The second is to compare the self-diffusivity of the DPD beads - measured by calculating mean-squared displacements from simulations - with experimental values for the fluid we wish to model [Groot2001]. In our case of modelling water beads each with \(N_m\) molecules and setting the dissipative force parameter \(\gamma = 4.5\), the time unit is found to be:

\[\tau_0 = \frac{N_m D_{sim} r_c^2}{D_w} \approx 1.41 \times 10^{-11} N_m^{\frac{5}{3}} \text{ s}.\]

Parameterising DPD interactions

Groot and Warren’s [Groot1997] form of conservative interaction:

\[\begin{split}\mathbf{F}_{ij}^{C} = \left\{ \begin{matrix} A_{ij}\left( 1 - \frac{r_{ij}}{r_{c}} \right){\widehat{\mathbf{r}}}_{ij} & (r_{ij} < r_{c}) \\ 0 & (r_{ij} \geq r_{c}) \\ \end{matrix} \right.\ ,\end{split}\]

is able to specify both an equation of state and different degrees of repulsion between particle (bead) species.

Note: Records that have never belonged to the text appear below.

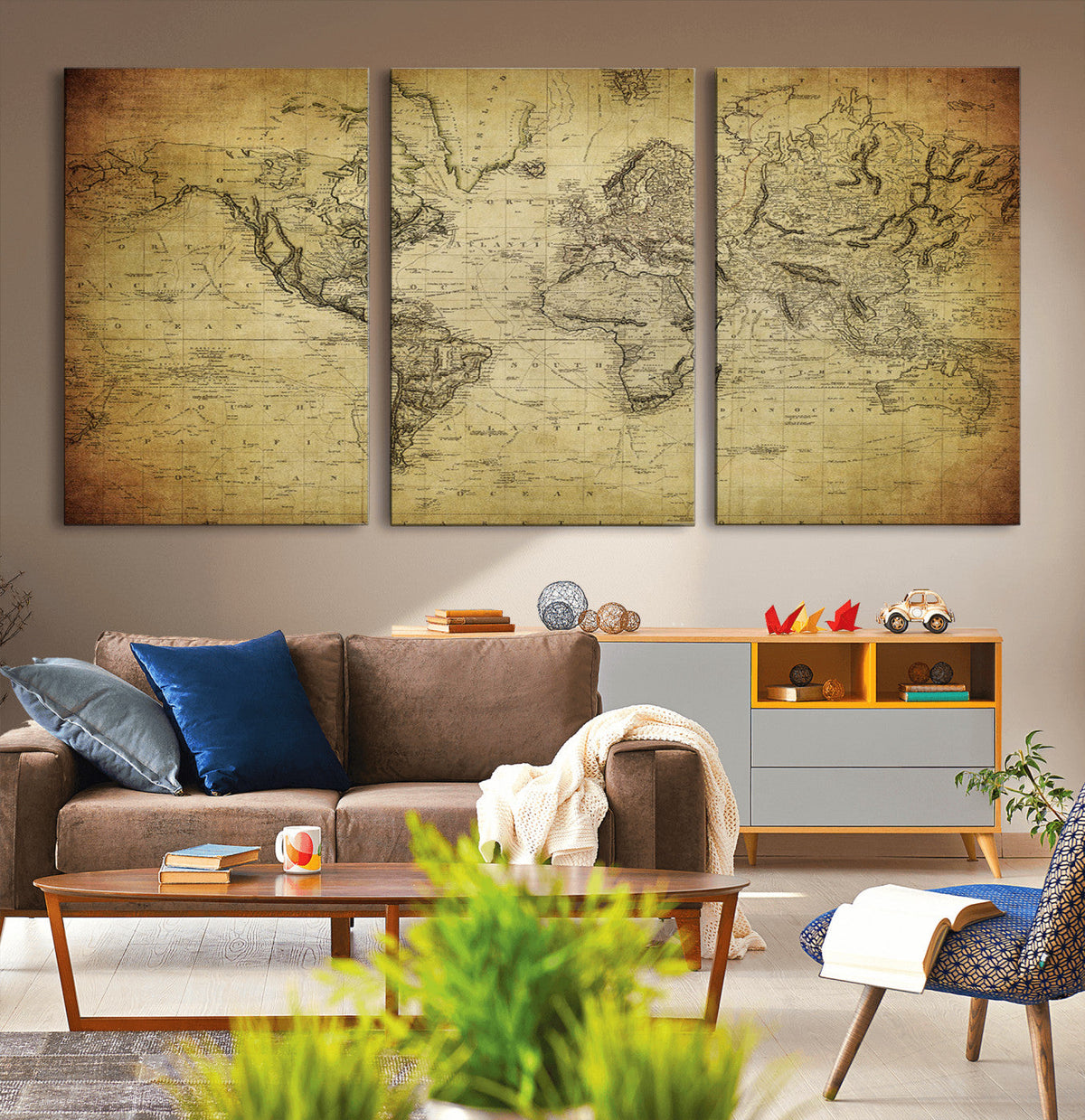 Push Pin World Map Canvas Print | Travel Tracker Wall Art
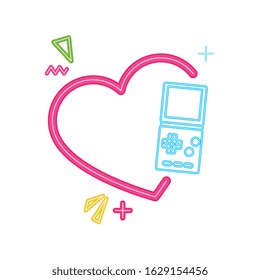 video game handle nineties style neon light vector illustration design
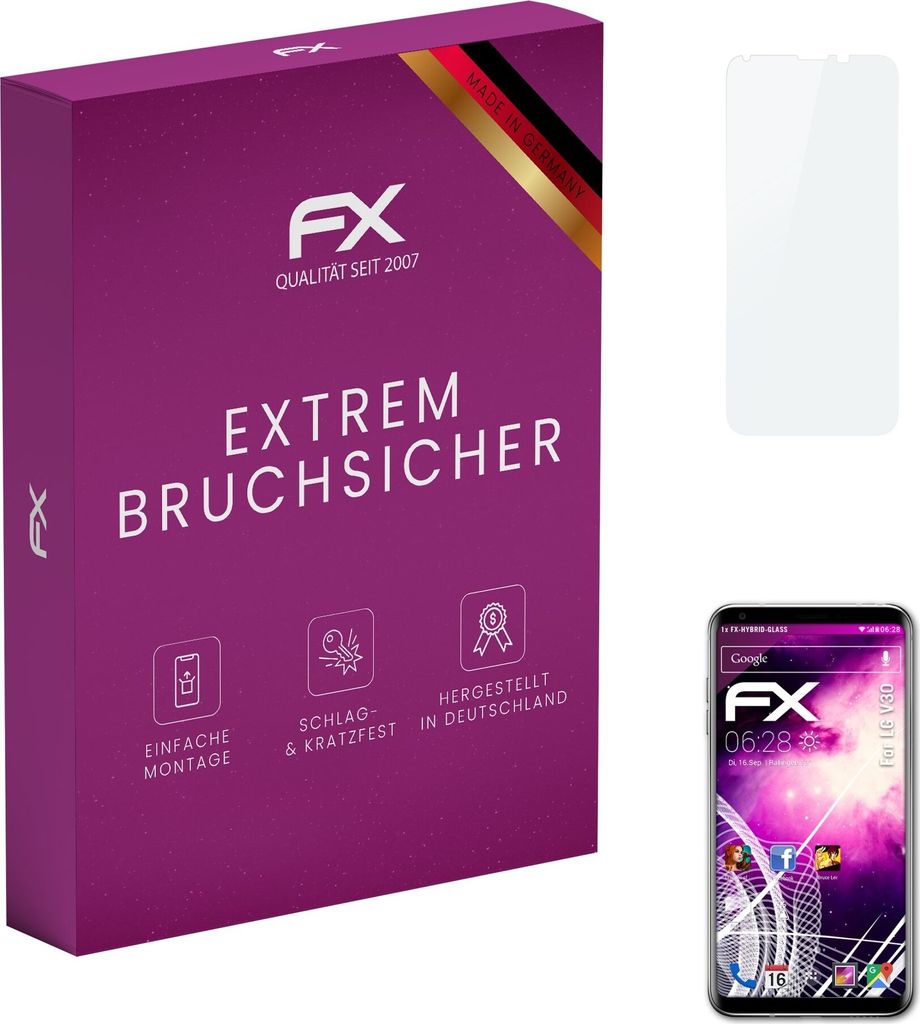 atFoliX FX-Hybrid-Glass Displayfolie kompatibel mit LG V30 Glasfolie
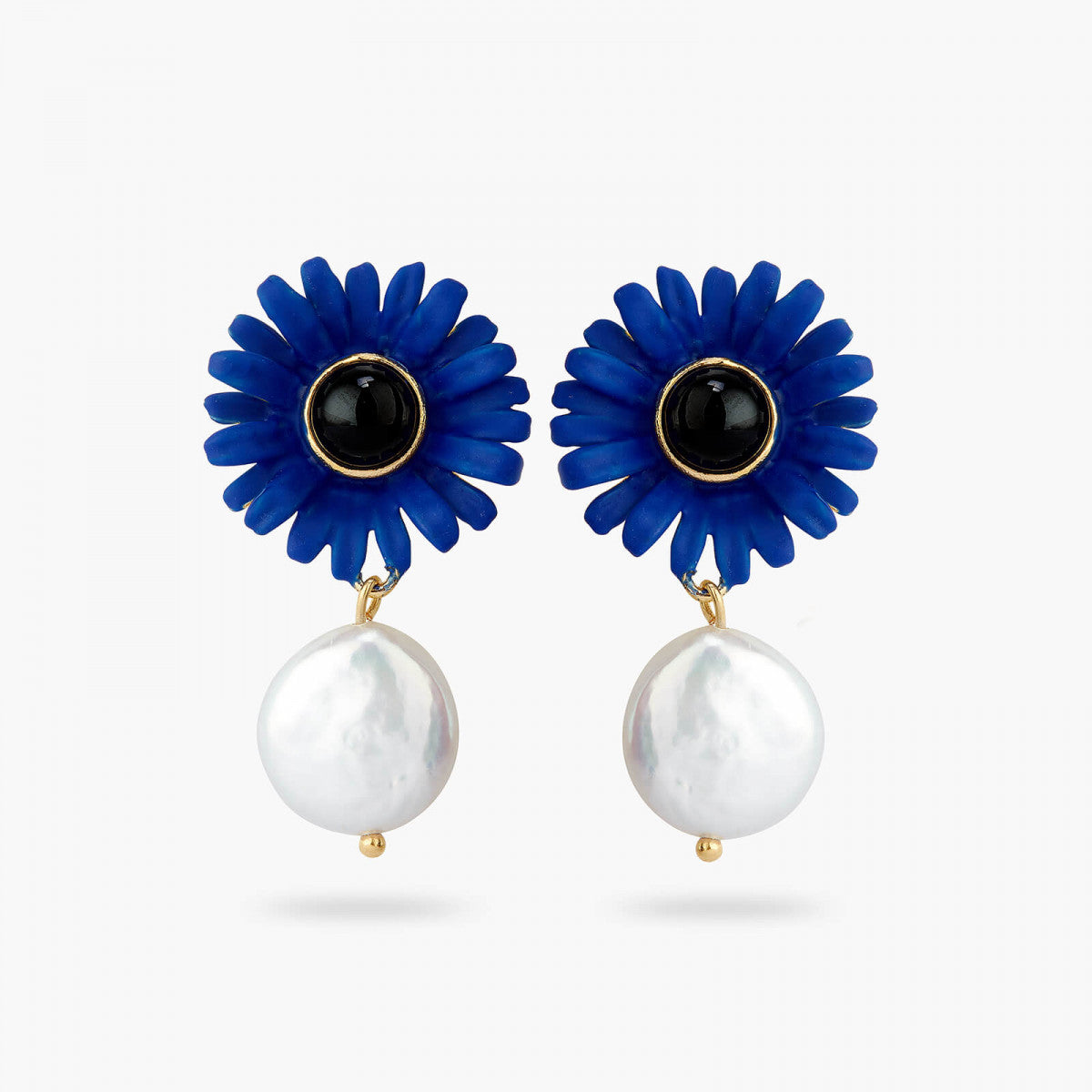 DAMAGE OF COBALT BLUE GERBERA POST EARRINGS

The values of \(A_{ij}\) for different bead pairs can be chosen or fitted to give specific behaviours or simulation outcomes. An example of choosing \(A_{ij}\) values can include specifying degrees of hydrophobicity for different bead species, e.g. those found in amphiphilic molecules with hydrophilic and hydrophobic sections.

Experimental properties or outcomes that can be used to fit \(A_{ij}\) values can include expected phases or structures (e.g. micelles, vesicles, bilayers) at given concentrations, critical micelle concentrations (CMCs) and/or partition coefficients (ratios of concentrations in two immiscible phases) [Anderson2017].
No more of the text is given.